**AIM OF THE TASK**
Write out every entry exactly; the pictures do not belong in the copy.

**SUPPLIED RECORDS**
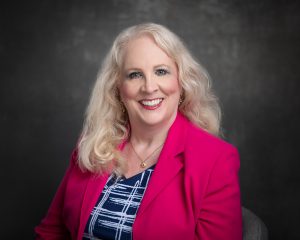 Sandy Eulitt, Life Backup Plan CEO and Founder in navy and white dress with fuchsia jacket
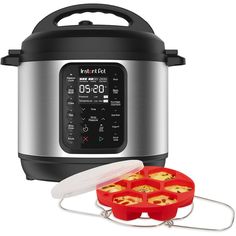 an instant pot with four mini muffins in it and thermometer next to it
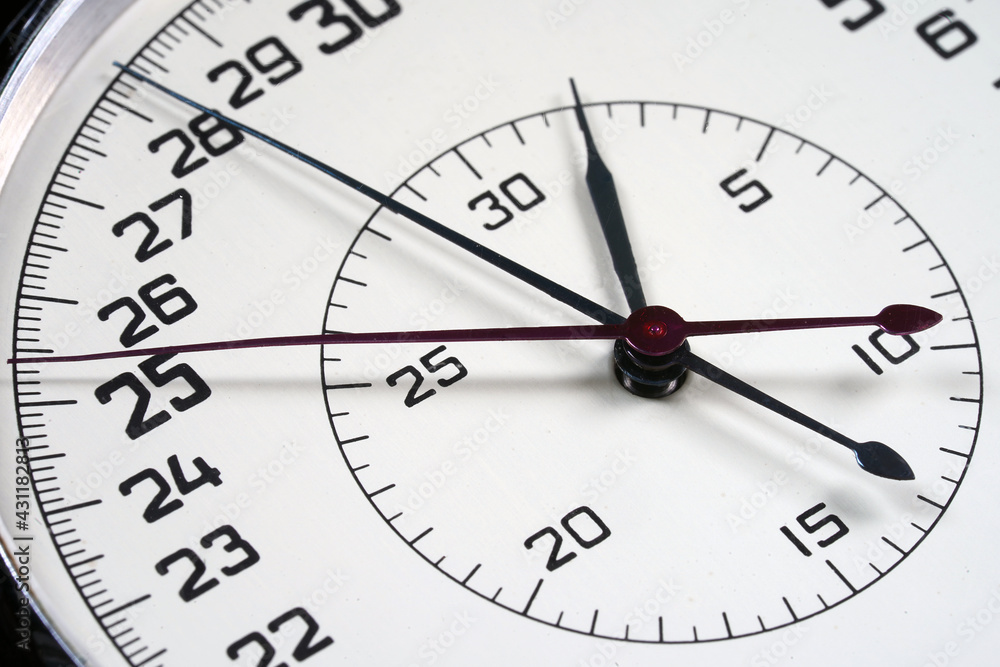 Watch dial with number and running arrow closeup. Clock face, arrow, hand, pointer, cursor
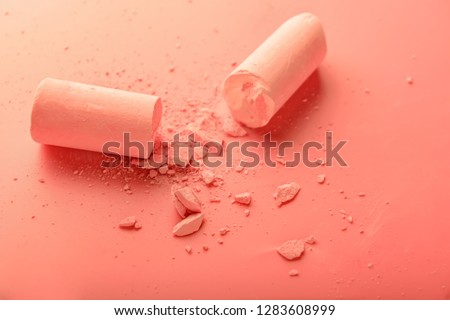 Crushed chalk on coral background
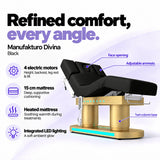 Manufakturo Divina electric spa treatment bed in Black, showing four electric motors, a 15 cm heated mattress, integrated LED lighting, face opening, adjustable armrests and twin-column base.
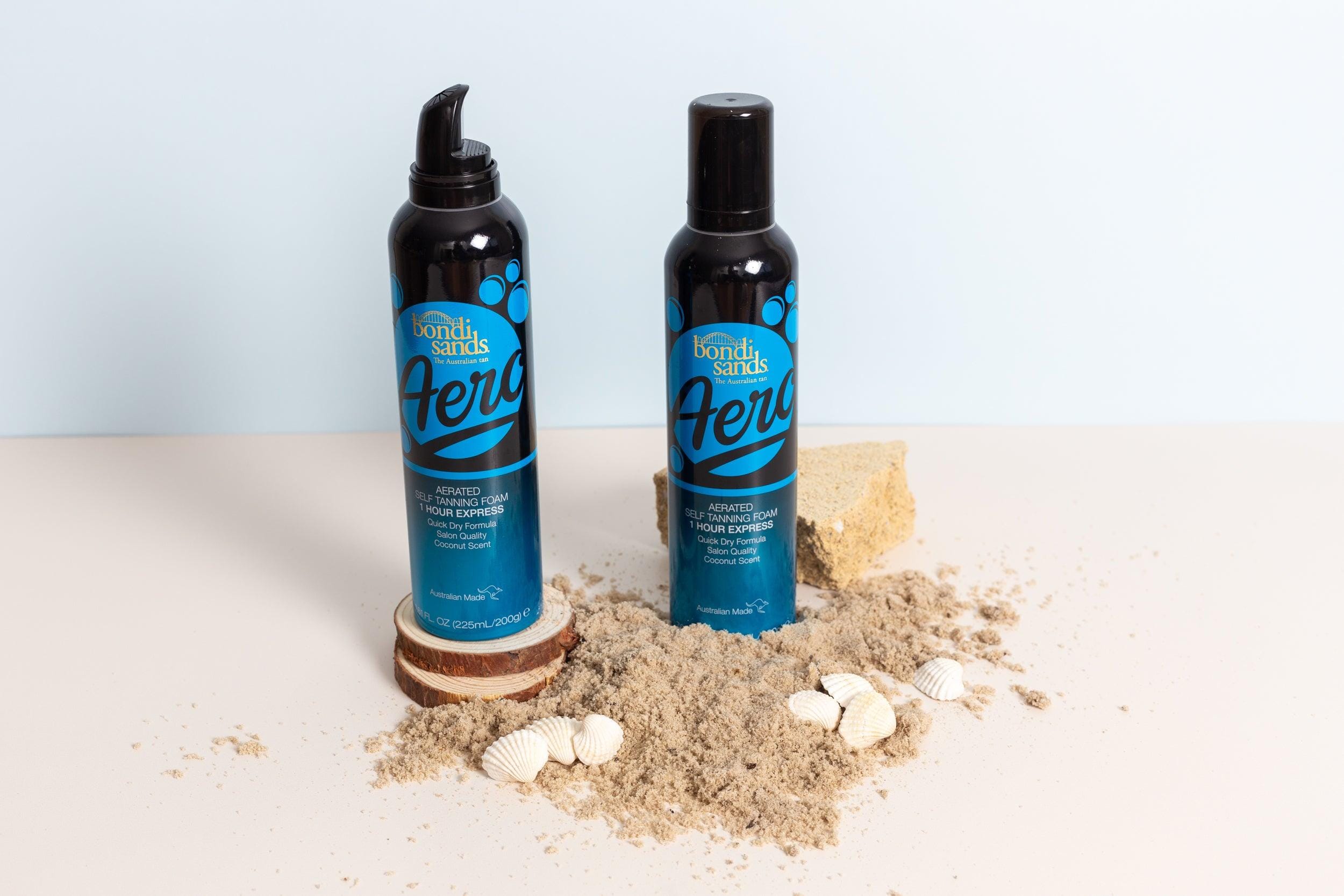 Mint Blue and beige double-sided photography vinyl backdrop with fake tan products and sand - backdrop collective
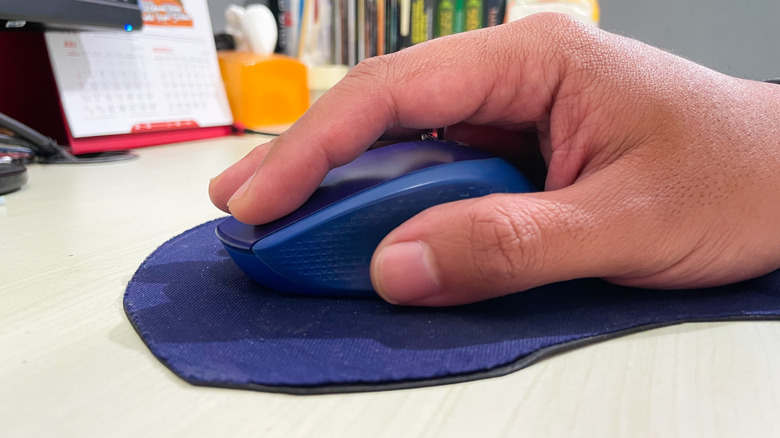 Hand using mouse on DIY mousepad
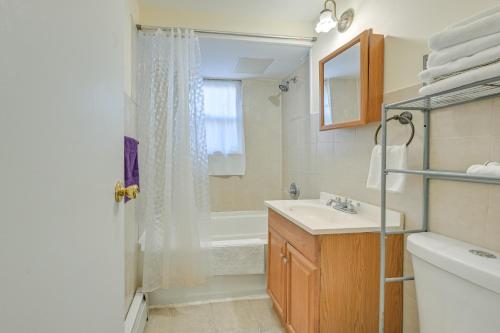 a bathroom with a sink and a tub and a shower at Cozy Bay Shore Condo Near Museums and Outdoor Rec! in Bay Shore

**SOLUTION TO THIS EXERCISE**
 Sandy Eulitt, Life Backup Plan CEO and Founder in navy and white dress with fuchsia jacket
 an instant pot with four mini muffins in it and thermometer next to it
 Watch dial with number and running arrow closeup. Clock face, arrow, hand, pointer, cursor
 Crushed chalk on coral background
 Manufakturo Divina electric spa treatment bed in Black, showing four electric motors, a 15 cm heated mattress, integrated LED lighting, face opening, adjustable armrests and twin-column base.
 Mint Blue and beige double-sided photography vinyl backdrop with fake tan products and sand - backdrop collective
 Hand using mouse on DIY mousepad
 a bathroom with a sink and a tub and a shower at Cozy Bay Shore Condo Near Museums and Outdoor Rec! in Bay Shore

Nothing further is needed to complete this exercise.